Forget their differing opinions on marriage, home ownership, and politics: the most telling differences between the younger and older people is how they prefer to get their news.

The Pew Research Center’s new survey on modern news consumption trends, conducted in partnership with the Knight Foundation (which also provides funding to Nieman Lab), shows that, when it comes to news consumption, the old and young look very different. While 54 percent of 18- to 29-year-olds say that prefer to get their news digitally, just 38 percent of those ages 30 to 49 and 15 percent of those ages 50 to 64 say the same.

pew how americans get news onlineThe disparity in the news consumption preferences of the old and young is even more clear when it comes to mobile. Seventy percent of 18- to 29-year-olds say they prefer to only get news on mobile devices. That number declines to 53 percent of people ages 30 to 49 and 29 percent of those between the ages of 50 and 64. (Mobile news consumption on the whole is rising, though: Around 72 percent of respondents said that they get news on mobile devices. That’s up from 53 percent in 2013.)

These generational differences could spell bad news for the TV business. Pew’s report confirms what most television networks already have seen in their own audience numbers: Viewership among young people is sinking. While 72 percent of people between 50 and 64 and 85 percent of those over 65 say they get their news from TV, just 29 precent of 18- to 29-year-olds say the same.

Pew only surveys people 18 and older, which leaves out a significant number of younger news consumers with their own unique set of preferences for how they like to get news. It’s likely, though, that those preferences spell bad news for traditional media.

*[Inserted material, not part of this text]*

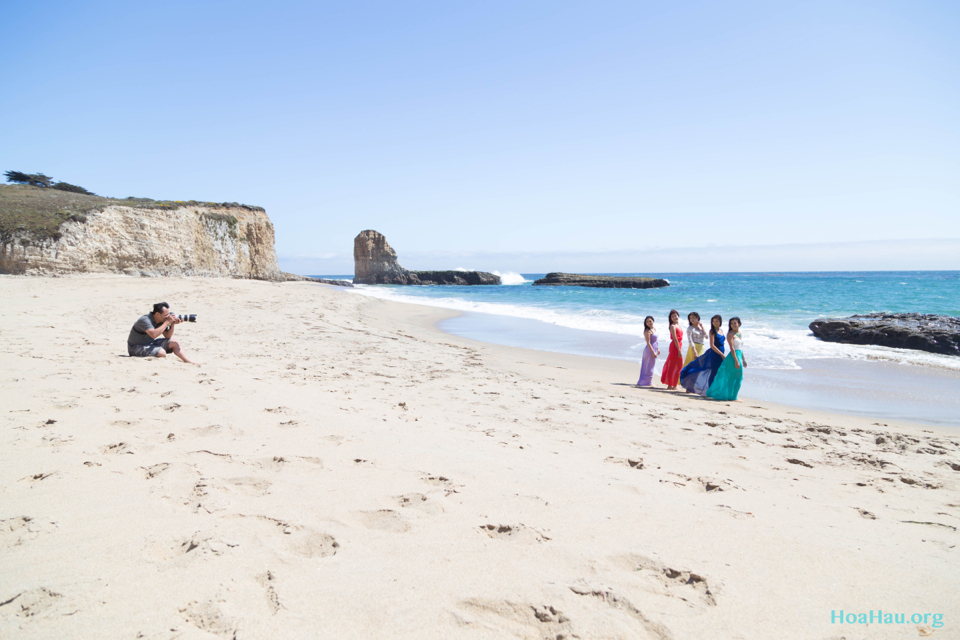 Hoa Hau Ao Dai Annual Beach Photoshoot 2013 - Santa Cruz, CA - Image 055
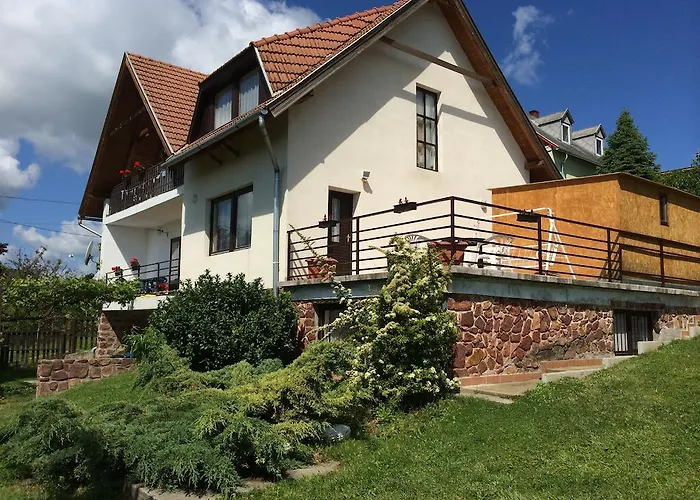 Kéktúrás-tóra Nyíló Badacsonyi Privát Bérlemény Bytom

Here are some other highlights from the report:

— More bad news for publishers trying to get people to watch their news videos online: Pew found that, for people who prefer watching the news, 80 percent say they would rather do so on TV. The web, in contrast, has attracted those who want to read the news, not watch it. Previous research from Oxford’s Reuters Institute for the Study of Journalism also discussed digital news organizations’ challenges in getting people to watch news video online.

— Print, as you might expect, continues its decline: Only 20 percent of people say they get their news from print newspapers, down from 27 percent three years ago. Only 26 percent of people who prefer to read the news prefer to do so via print newspapers.

Pew confidence in news— People who get their news online are more likely to have a negative opinion of the media. Around 67 percent of people who prefer to consume news online have a positive opinion on the media, compared to 81 percent of people who prefer other platforms. Young adults, in particular, are more negative about the media in general.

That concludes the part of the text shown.